_Stored items from a collection:_

"""

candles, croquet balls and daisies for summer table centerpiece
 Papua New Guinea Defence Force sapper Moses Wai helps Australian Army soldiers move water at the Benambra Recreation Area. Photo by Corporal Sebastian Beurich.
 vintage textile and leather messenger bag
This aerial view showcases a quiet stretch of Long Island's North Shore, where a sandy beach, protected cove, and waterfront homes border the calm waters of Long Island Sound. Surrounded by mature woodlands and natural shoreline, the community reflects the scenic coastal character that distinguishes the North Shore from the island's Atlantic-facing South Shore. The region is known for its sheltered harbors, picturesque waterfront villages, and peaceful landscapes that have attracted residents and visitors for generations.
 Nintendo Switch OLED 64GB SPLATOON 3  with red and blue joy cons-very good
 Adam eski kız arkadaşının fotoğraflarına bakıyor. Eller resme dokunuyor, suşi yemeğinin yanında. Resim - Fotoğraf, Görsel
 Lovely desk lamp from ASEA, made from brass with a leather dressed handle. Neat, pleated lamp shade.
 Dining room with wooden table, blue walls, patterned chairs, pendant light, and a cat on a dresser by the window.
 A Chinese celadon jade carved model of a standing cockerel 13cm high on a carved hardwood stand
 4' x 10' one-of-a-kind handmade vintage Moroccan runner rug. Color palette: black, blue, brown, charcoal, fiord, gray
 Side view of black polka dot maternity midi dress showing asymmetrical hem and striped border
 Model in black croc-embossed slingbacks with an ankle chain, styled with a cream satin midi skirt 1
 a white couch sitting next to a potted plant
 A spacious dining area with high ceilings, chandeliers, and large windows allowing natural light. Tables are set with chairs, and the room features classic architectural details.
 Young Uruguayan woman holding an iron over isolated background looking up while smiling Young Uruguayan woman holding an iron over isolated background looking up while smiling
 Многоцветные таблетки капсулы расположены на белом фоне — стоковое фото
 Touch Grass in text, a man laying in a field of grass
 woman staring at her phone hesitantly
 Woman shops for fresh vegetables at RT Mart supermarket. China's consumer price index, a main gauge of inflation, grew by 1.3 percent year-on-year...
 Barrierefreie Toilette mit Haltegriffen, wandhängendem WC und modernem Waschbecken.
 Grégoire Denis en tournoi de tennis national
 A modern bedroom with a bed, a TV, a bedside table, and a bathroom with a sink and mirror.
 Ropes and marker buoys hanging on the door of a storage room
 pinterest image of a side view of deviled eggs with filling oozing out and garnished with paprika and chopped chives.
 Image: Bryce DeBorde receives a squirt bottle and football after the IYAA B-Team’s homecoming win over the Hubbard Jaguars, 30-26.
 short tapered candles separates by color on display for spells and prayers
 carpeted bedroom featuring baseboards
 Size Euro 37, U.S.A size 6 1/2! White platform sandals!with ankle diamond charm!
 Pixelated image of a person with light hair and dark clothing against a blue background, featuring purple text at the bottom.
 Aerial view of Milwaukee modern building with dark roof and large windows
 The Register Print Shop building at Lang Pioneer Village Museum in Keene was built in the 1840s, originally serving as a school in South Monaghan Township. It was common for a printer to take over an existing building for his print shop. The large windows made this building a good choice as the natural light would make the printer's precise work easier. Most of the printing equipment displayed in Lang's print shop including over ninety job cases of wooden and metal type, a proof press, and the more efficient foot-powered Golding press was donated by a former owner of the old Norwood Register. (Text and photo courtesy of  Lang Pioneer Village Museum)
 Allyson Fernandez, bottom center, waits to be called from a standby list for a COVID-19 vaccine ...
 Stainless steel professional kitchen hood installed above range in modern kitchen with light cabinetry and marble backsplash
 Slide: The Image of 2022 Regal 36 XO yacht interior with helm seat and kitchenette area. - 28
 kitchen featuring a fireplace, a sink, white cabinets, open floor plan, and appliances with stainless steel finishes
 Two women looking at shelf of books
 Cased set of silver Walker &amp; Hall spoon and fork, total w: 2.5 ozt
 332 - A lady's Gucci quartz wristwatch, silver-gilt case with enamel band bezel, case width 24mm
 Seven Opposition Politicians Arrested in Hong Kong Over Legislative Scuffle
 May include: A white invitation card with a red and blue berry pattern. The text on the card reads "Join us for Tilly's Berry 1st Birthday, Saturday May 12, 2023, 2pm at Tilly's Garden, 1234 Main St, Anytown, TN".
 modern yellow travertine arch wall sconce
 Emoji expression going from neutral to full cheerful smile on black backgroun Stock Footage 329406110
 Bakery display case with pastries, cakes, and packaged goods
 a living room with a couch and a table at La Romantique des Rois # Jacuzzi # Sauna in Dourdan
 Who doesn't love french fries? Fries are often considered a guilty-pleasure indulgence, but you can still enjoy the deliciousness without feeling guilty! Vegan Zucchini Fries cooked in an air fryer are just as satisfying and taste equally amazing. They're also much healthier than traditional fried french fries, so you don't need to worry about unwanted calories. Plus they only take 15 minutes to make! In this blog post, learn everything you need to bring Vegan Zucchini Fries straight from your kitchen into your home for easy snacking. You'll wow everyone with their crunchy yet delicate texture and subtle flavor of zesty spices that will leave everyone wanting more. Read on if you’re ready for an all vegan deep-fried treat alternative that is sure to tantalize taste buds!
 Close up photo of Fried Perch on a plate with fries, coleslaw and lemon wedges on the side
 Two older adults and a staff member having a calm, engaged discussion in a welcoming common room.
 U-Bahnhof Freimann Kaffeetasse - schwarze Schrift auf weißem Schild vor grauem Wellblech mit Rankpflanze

"""

_Task requirements:_ Repeat the entries above exactly, from the first line through the line containing "vintage textile and leather messenger bag".

_Result of this exercise:_
candles, croquet balls and daisies for summer table centerpiece
 Papua New Guinea Defence Force sapper Moses Wai helps Australian Army soldiers move water at the Benambra Recreation Area. Photo by Corporal Sebastian Beurich.
 vintage textile and leather messenger bag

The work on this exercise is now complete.